I have to imagine much of that credit goes to the band’s decision to work with recent Producer Of The Year Grammy-winner Greg Kurstin, even if the prospect initially seemed bleak for dislodging the band from their bloated instincts. If Mark Ronson taking over the boards for Queens Of The Stone Age rang alarm bells for some, then Kurstin’s involvement with the Foos should have incited an impending disaster warning. He’s the man behind Adele’s “Hello,” Sia’s “The Greatest,” and Kelly Clarkson’s “Stronger (What Doesn’t Kill You).” Regardless of those songs’ various quality levels, on paper they’d suggest a production style focused on tunneling the Foos’ anthemic choruses through radio-ready dynamics (or rather, lack of dynamics). And unlike Ronson, who’s balanced his pop portfolio with astonishingly accomplished artistic breakthroughs, Kurstin’s biggest equivalent would be a co-production on Kendrick Lamar’s “Love,” which is still the most contested song on the rapper’s flawless DAMN.
Yet as with Ronson and QOTSA, Kurstin proves to be an effective conjugate in giving the Foos’ music colo(u)r and shape without diminishing any of its punch and rush. As case examples, Concrete And Gold and Villains offer a path forward for statesmen rock acts to return with renewed relevance that will likely prove more effective than yet another team-up with Danger Mouse or Rick Rubin. Concrete And Gold’s achievements aren’t merely notable from the standpoint of the band’s previous outings; even measured against the many other essential rock albums of this year, the Foo Fighters unequivocally deliver, standing their ground against attempts at their place on top the mantel.

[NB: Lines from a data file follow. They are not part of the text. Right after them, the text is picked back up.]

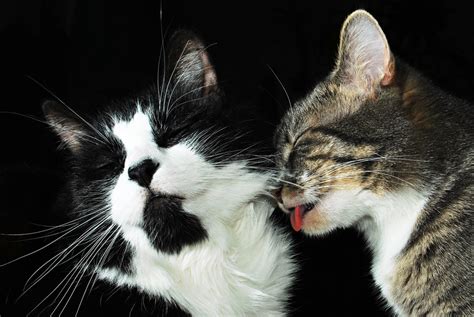 Pucker Up For The Kissing Booth Kittens Whiskers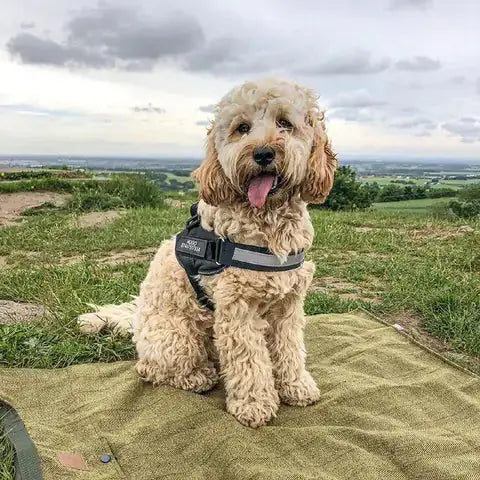 Safety Dog Harness Rieworkes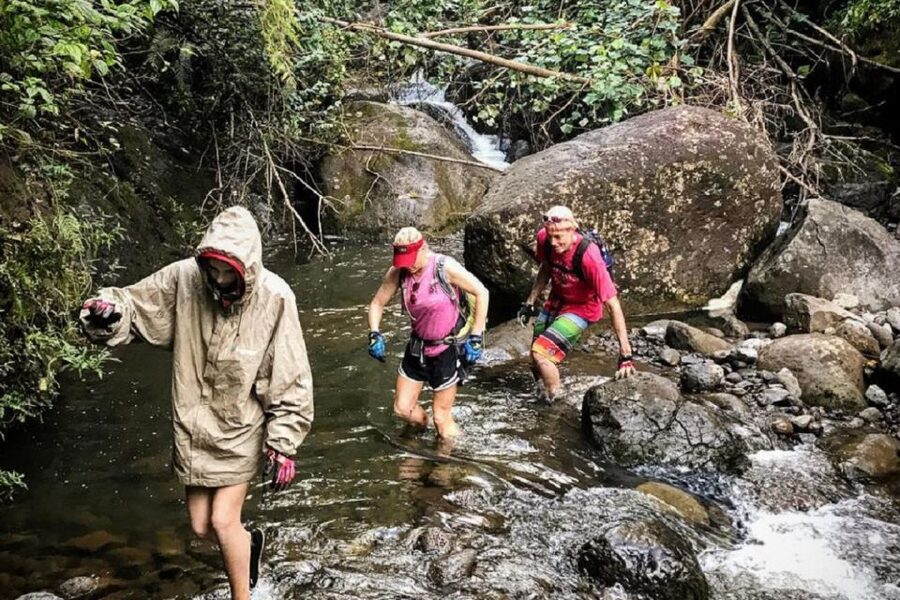 Kauai: Half-Day Kauaʻi Adventure - What your guide adds to the walk
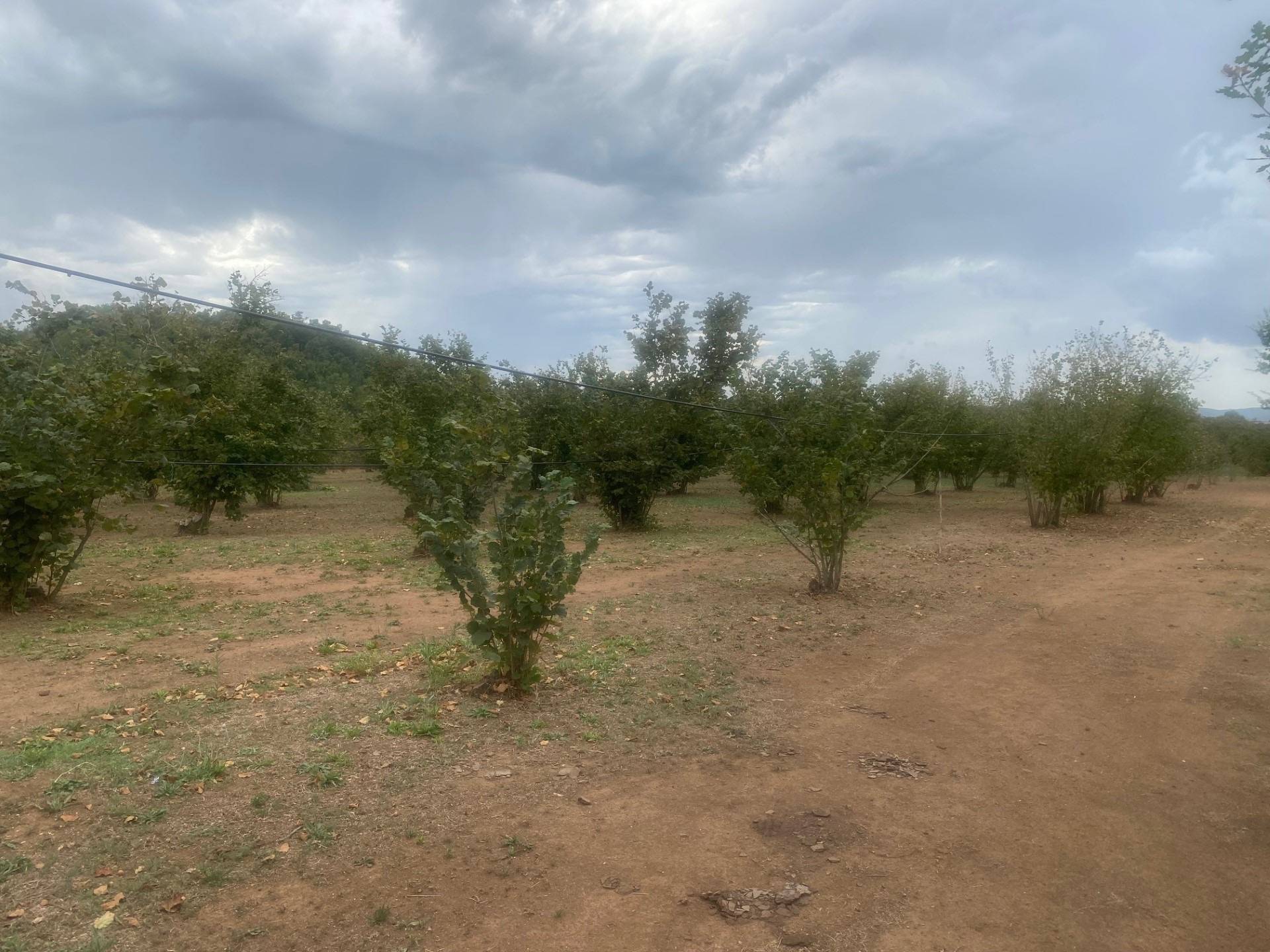 Terreno agricolo in vendita a Villa San Giovanni in Tuscia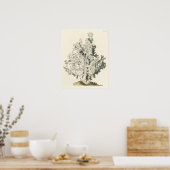 アンティークウォーターカラーサンゴ ポスター (キッチン)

Naturally, with just seconds left after letting the last note of the buzzing, ballistic ballad of a title track wrap up the proceedings, Grohl can’t help but throw in an isolated and immature “Fuck you Daryl!” to serve as the album’s final words. It’s a purposeless gesture — as if Grohl felt insecure in his decision to entirely forgo his more bro-oriented instincts for the past hour — that serves little but to break the spell of what’s now the best Foo Fighters album of this century. But it’s the only real misstep on an album from a band that’s largely been whiffing on opportunities for a disheartening while. Grohl prefaced Concrete And Gold by calling it “the record we’ve always wanted to make.” Sure, but thus far the Foos have always been making the records they’ve wanted to make. They’ve documented and catalogued the process of doing so extensively. For once, however, it’s also the record we’ve wanted them to make — one that reinforces their claim as members of rock’s canon, and not just its most popular cover band. Perhaps we have a few superheroes left above ground after all.
Concrete And Gold is out 9/15 via Roswell/RCA.